Collin May's review of Israeli-British historian Efraim Karsh's Islamic Imperialism: A History came to light again earlier this month in an article published by The Progress Report, an Alberta news outlet.
May's commentary highlighted Karsh's Islamophobic assertion that the religion is inherently militaristic in nature, under the guise of analysis.
"[Karsh] defies the multicultural illusion regarding pacific Islam and goes to the heart of the matter. Islam is not a peaceful religion misused by radicals. Rather, it is one of the most militaristic religions known to man, and it is precisely this militaristic heritage that informs the actions of radicals throughout the Muslim world," May wrote in his 2009 review.
C2C Journal is mainly an online publication, whose "unabashed bias is in favour of free markets, democratic governance and individual liberty," according to its website.
It is the same outlet in which Paul Bunner, Premier Jason Kenney's former speech writer, wrote an article that dismissed the "bogus genocide story" of Canada's residential school system, and said Indigenous youth could be "ripe recruits" for violent insurgencies.
The NCCM is now working with May to see that he better serves Muslim communities.
May's review is problematic because it's based on stereotypes of Islam that most — if not all — Muslims do not hold, and it is based on an understanding of Islam that is incorrect, Omar said.
The council approached May and members of the Alberta government, and work is ongoing to rectify the situation with community members, he said.
"A true apology must be a commitment to ongoing action and a true commitment to making amends," Omar said. "We will let the community be the arbitrator of his good faith efforts and sincerity."
CBC News requested an interview with May. The commission responded, saying its policy mandate prevents a chief from giving media interviews in order to maintain neutrality, given the nature of the position, but passed along a statement from May issued last week.
"I do not believe or accept the characterization of Islam as a militant religion or movement, especially in light of important recent and diverse scholarship that is working to overcome misconceptions regarding Muslim history and philosophy," May said in the statement.
"I specifically want to affirm that Muslim Albertans are entitled to the full and equal respect accorded all our communities."
The commission, in a separate statement, said it is independent from the provincial government and commits to upholding the Alberta Human Rights Act.

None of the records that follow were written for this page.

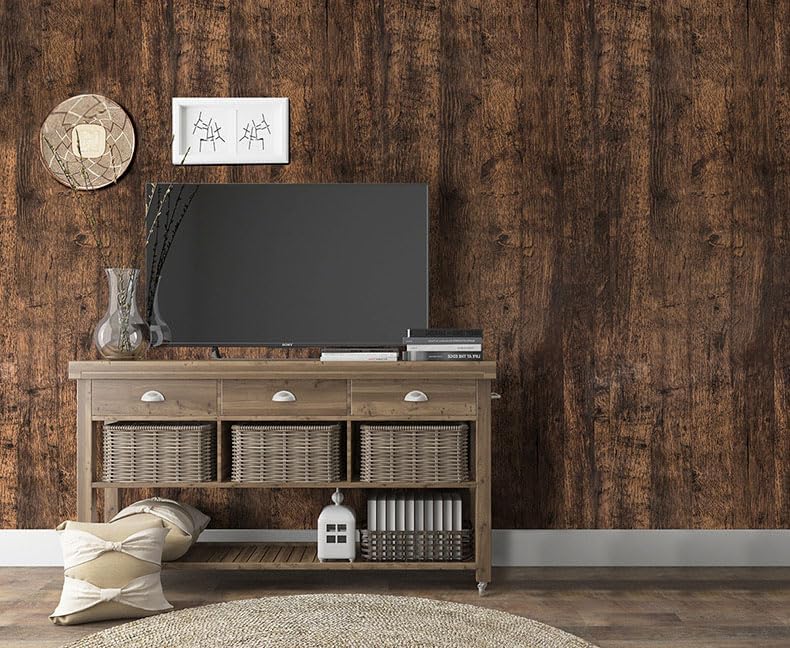 Papel pintado de madera Orgrimmar 236x17.8 pulg vinilo autoadhesivo 4
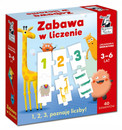 Układanka liczbowa 1‑10 (40 puzzli) – Kapitan Nauka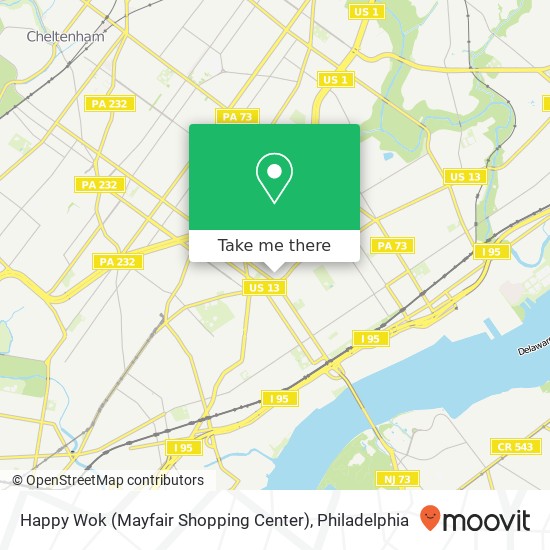 Happy Wok (Mayfair Shopping Center) map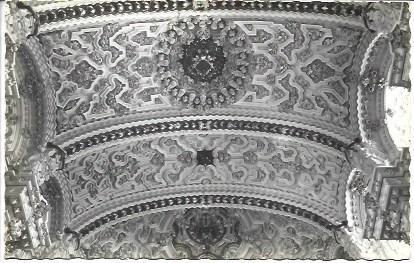 POSTAL L04010: Boveda de la sacristia de la Cartuja de Granada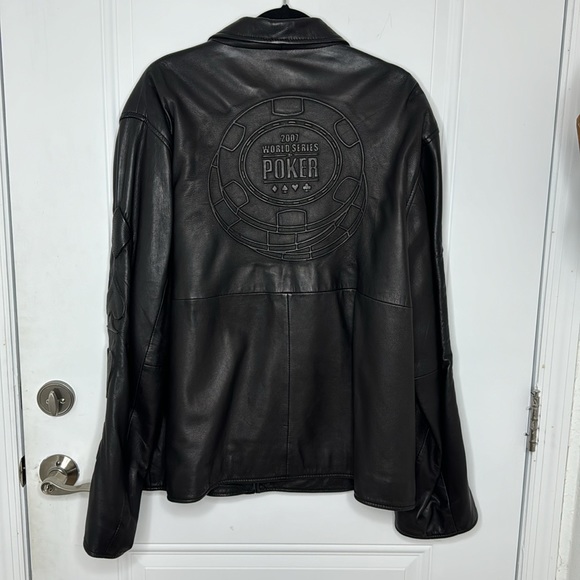 Leather World Series of poker jacket - Picture 2 of 12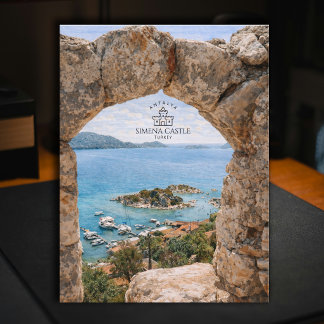 Carte Postale Château de Simena, Antalya, Turquie | Aquarelle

"We have a long history working with Islamic organizations and the Muslim community, and will continue our efforts to enhance those relationships going forward," the commission said.
'Not a position to get on-job training'
Opposition NDP justice critic Irfan Sabir has called for May's resignation, saying Albertans would be better served by someone who is educated and connected with Muslim communities.

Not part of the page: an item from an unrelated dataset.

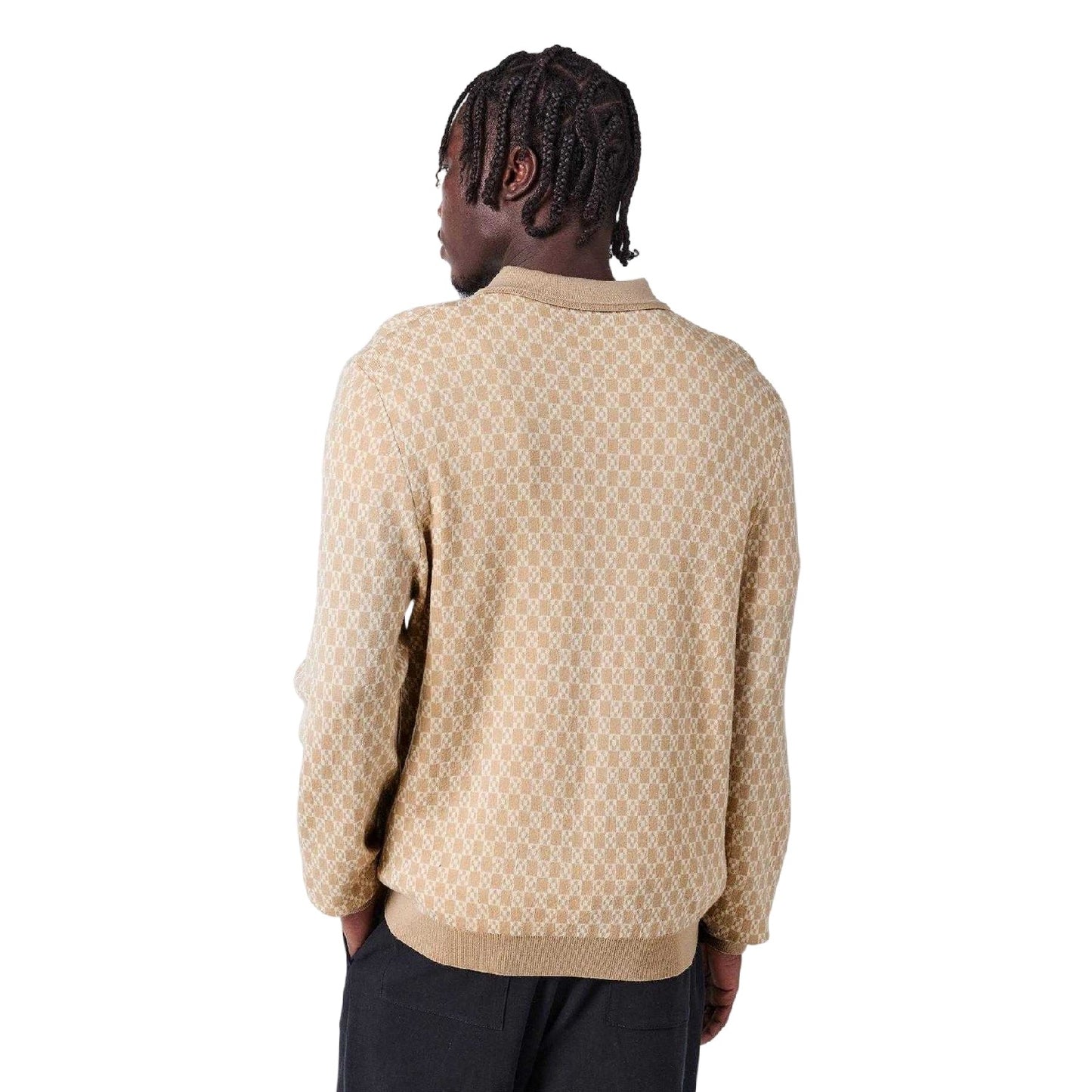 Beige - Side - Belier Mens Textured Cardigan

"The Alberta Human Rights Commission should not be a position for him to get on-job training," Sabir said.
"That position should be filled by a person who understands the diversity of this province, who understands what challenges BIPOC communities, Indigenous communities face."

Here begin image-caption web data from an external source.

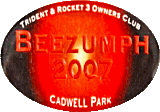 Beezumph motorcycle rally badge from Jean-Francois Helias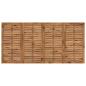 Preview: Gartentisch NAARDEN Natur und Weiß 180 x 88,5 x 75 cm
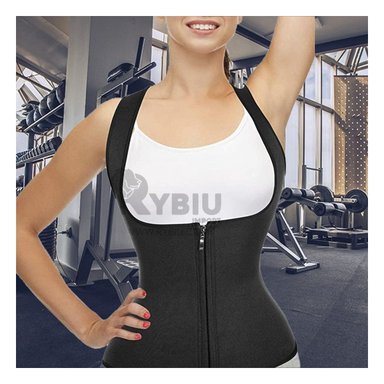 CHALECO MUJER RYBIU NEGRO DE30522 CON CIERRE M + REGALO STICKERS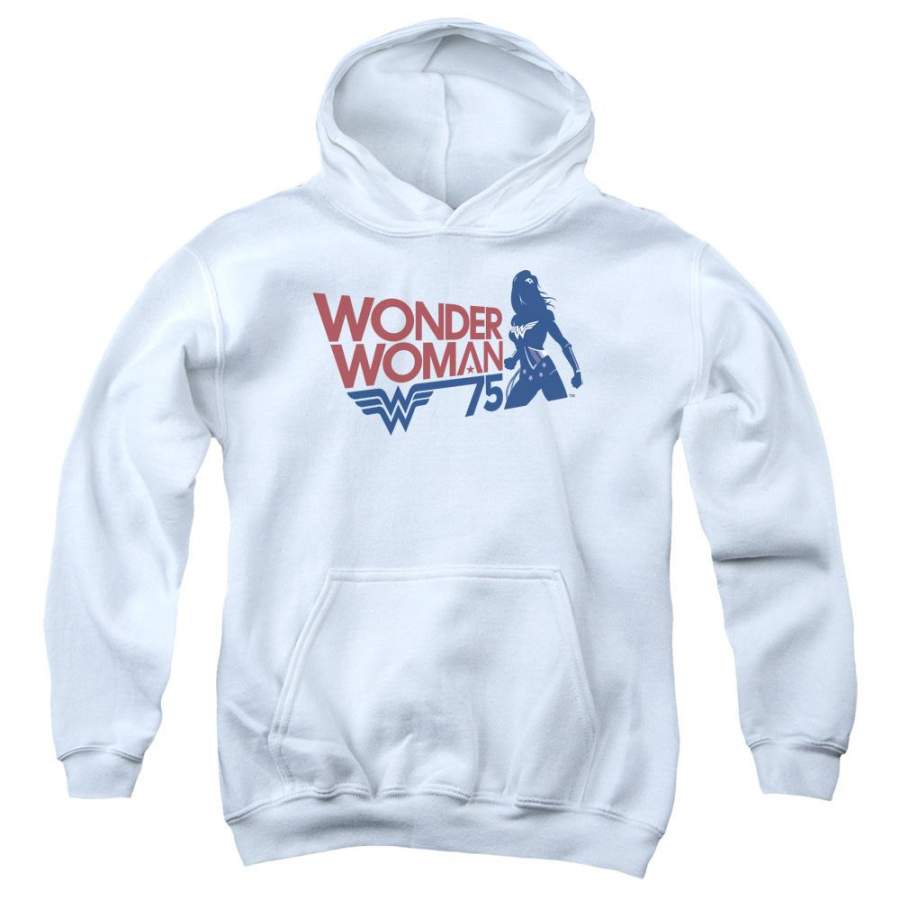 Wonder Woman Ww75 Silhouette Youth Hoodie (Ages 8-12)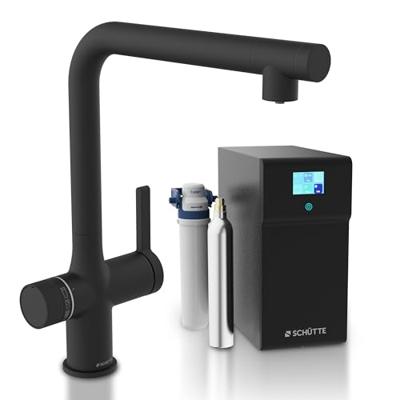 Schutte AQUASTAR PREMIUM spoelwater mengkraan | + Koel- en filtersysteem | Mat Zwart - 99960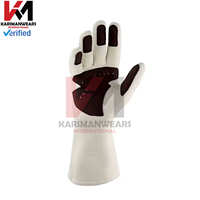 Gants de course personnalisés pour l'hiver, toutes saisons, % coton, ignifuges, respirants, pour le sport automobile, F1, karting, piste, résistants à la chaleur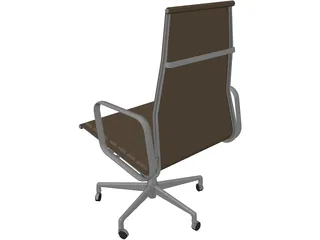 Chair Charles Eames 3D Model preview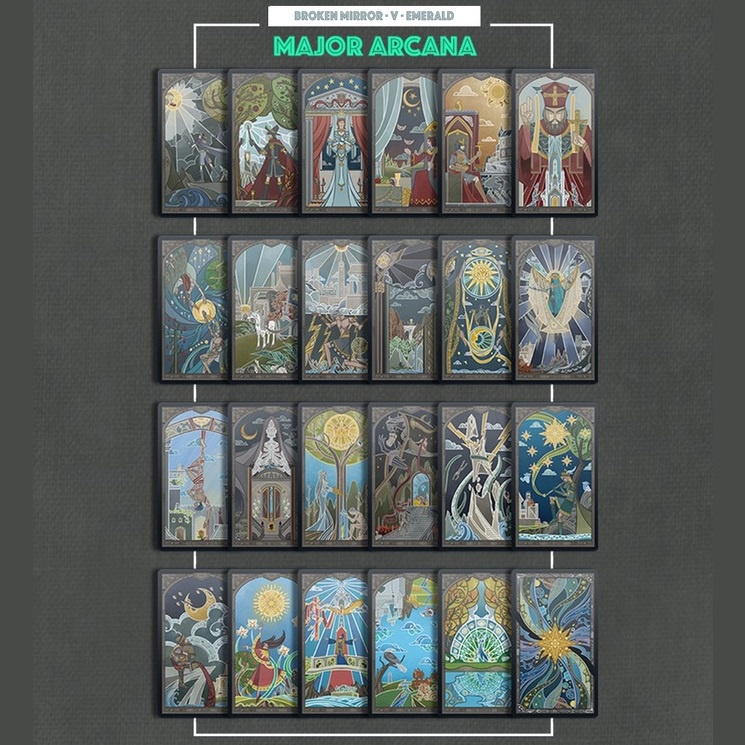 Bài Broken Mirror Tarot 5th Edition Emerald
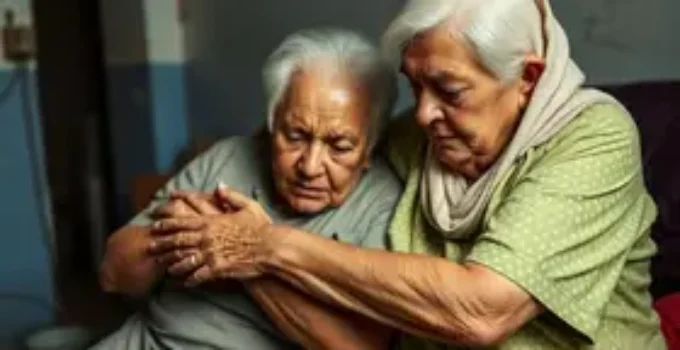 idoso acamado torturado por cuidador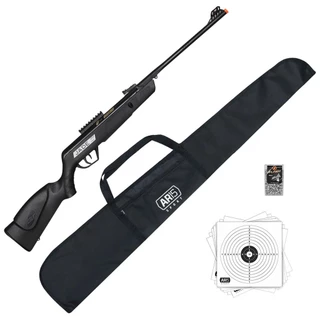 CARABINA DE PRESSÃO CBC JADE MAIS PRETA 5.5MM + TÁTICO 05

Sabir is also calling out May for only addressing the review now, 13 years after he wrote it — and just as he takes up his role as chief.
"He'd been on this commission for a while ... had he evolved his views, he should have come forward," he said.
He added that this situation casts further doubt on the the provincial government's vetting process, as well as the United Conservative Party's commitment to tackling racism, particularly because of the lack of major action regarding 48 recommendations from the Alberta anti-racism advisory council released last year.
The Alberta government is scheduled to share details of an action plan to combat racism in the province next week.
The Alberta Human Rights Commission should not be a position for [May] to get on-job training.- Irfan Sabir, Opposition NDP justice critic
The office of the Minister of Justice and Solicitor General handled the vetting process for May.
CBC News requested an interview with Tyler Shandro, Alberta's justice minister and solicitor general. Shandro's press secretary provided a statement.
"Alberta's government does not agree with the characterization of Islam or the position expressed in the book review written in 2009," the statement said.
The justice ministry accepted May's statement, and the government "will continue to hold the commission to their mandate of fostering equality and reducing discrimination in our province," it added.